Former Vermont governor Howard Dean defends his statement that “Hate speech is not protected by the first amendment” by saying:
For WAPO and others raising issues about hate speech not being constitutionally protected, read “Chaplinsky v New Hampshire SCOTUS 1942
— Howard Dean (@GovHowardDean) April 22, 2017
I’m pleased to say that I have read Chaplinsky v. New Hampshire (1942), which is usually cited as recognizing a “fighting words” exception to the First Amendment — personally addressed face-to-face insults that are likely to start an imminent fight are not constitutionally protected. But that has little to do with “hate speech” as most people tend to use the phrase: (1) Such personal insults are constitutionally unprotected entirely without regard to whether they are bigoted. (2) Bigoted expressions of opinion that don’t involve such personally addressed face-to-face insults are constitutionally protected. (3) Indeed, statutes that target only bigoted “fighting words” for special punishments are constitutionally unprotected, even if they are limited to such personally addressed face-to-face insults, see R.A.V. v. City of St. Paul (1992).
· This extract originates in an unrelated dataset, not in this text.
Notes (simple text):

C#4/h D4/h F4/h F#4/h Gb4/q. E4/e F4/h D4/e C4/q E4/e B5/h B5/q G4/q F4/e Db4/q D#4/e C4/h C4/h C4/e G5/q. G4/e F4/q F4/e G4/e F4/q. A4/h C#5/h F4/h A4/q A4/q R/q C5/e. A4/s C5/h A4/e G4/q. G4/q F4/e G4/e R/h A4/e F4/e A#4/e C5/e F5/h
Sometimes, I’ve seen people cite Chaplinsky for the proposition that even general expressions of opinion are unprotected simply because they might yield a violent reaction. But while one can read Chaplinsky itself this way, later precedents make clear that this is not the law. Cohen v. California (1971) is the clearest example: Cohen was convicted for wearing a jacket that said “Fuck the Draft,” but the Court rejected the view that the conviction could be upheld on the grounds that the statement was “fighting words”:
This Court has also held that the States are free to ban the simple use, without a demonstration of additional justifying circumstances, of so-called “fighting words,” those personally abusive epithets which, when addressed to the ordinary citizen, are, as a matter of common knowledge, inherently likely to provoke violent reaction. Chaplinsky v. New Hampshire (1942). While the four-letter word displayed by Cohen in relation to the draft is not uncommonly employed in a personally provocative fashion, in this instance it was clearly not “directed to the person of the hearer.” Cantwell v. Connecticut (1940). No individual actually or likely to be present could reasonably have regarded the words on appellant’s jacket as a direct personal insult.
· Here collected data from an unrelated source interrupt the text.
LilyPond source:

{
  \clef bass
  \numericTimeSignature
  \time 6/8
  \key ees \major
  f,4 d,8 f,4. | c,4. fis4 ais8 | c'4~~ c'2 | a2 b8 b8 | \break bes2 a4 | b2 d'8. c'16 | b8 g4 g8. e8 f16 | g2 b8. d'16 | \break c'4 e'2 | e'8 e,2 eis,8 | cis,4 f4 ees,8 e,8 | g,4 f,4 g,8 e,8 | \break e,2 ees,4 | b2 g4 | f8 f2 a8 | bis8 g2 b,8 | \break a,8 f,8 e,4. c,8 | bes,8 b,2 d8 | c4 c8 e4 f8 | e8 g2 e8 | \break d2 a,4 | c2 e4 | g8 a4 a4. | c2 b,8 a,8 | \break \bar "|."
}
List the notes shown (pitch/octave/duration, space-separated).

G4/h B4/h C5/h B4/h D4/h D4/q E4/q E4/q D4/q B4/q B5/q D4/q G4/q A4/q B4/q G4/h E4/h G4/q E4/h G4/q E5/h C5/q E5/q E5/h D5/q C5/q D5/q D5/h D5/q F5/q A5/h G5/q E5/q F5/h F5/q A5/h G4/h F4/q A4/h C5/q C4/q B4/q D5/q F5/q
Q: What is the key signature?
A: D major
(Cantwell v. Connecticut , on which Cohen relied, really did involve “hate speech” as many people use the term — an attack on Catholicism by a Jehovah’s Witness, in a neighborhood that was about 90 percent Catholic — and did indeed enrage listeners to the point where they said they were tempted to violence, though they resisted the temptation. But Cantwell and Cohen make clear that such speech is protected.)
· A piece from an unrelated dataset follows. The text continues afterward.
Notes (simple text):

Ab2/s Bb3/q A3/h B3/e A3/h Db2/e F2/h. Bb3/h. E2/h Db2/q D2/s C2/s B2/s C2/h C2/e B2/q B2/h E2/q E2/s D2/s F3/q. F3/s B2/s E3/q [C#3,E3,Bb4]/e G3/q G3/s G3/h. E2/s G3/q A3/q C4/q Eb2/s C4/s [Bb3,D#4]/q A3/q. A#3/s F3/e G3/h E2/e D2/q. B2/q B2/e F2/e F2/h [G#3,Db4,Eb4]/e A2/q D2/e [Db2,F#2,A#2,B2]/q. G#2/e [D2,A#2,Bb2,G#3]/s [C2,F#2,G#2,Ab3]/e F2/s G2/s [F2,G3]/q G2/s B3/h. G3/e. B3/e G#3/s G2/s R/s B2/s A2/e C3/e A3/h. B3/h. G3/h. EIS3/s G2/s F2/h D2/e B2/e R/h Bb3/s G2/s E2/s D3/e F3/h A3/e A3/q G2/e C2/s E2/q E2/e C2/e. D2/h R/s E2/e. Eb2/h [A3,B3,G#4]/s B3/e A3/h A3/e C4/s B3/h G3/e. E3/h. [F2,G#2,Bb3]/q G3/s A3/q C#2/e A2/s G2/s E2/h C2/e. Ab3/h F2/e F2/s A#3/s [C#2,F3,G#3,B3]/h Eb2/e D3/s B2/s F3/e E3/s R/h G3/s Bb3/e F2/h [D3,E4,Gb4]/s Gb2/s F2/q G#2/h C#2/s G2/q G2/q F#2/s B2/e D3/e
So Chaplinsky doesn’t hold that “Hate speech is not protected by the first amendment.” Indeed, as my earlier post noted, other cases make clear that what is usually labeled “hate speech” — advocacy of bigoted views — is protected by the First Amendment.
Moreover, the particular statement to which Dean was apparently referring — Ann Coulter’s 2002 statement quoted as, “My only regret with Timothy McVeigh is he did not go to the New York Times Building” — would not constitute “fighting words,” whether if said in a speech at Berkeley (the apparent occasion for Dean’s quote), in the initial interview with the Observer, or most other contexts. So I don’t think that Chaplinsky does anything to support Dean’s initial statement.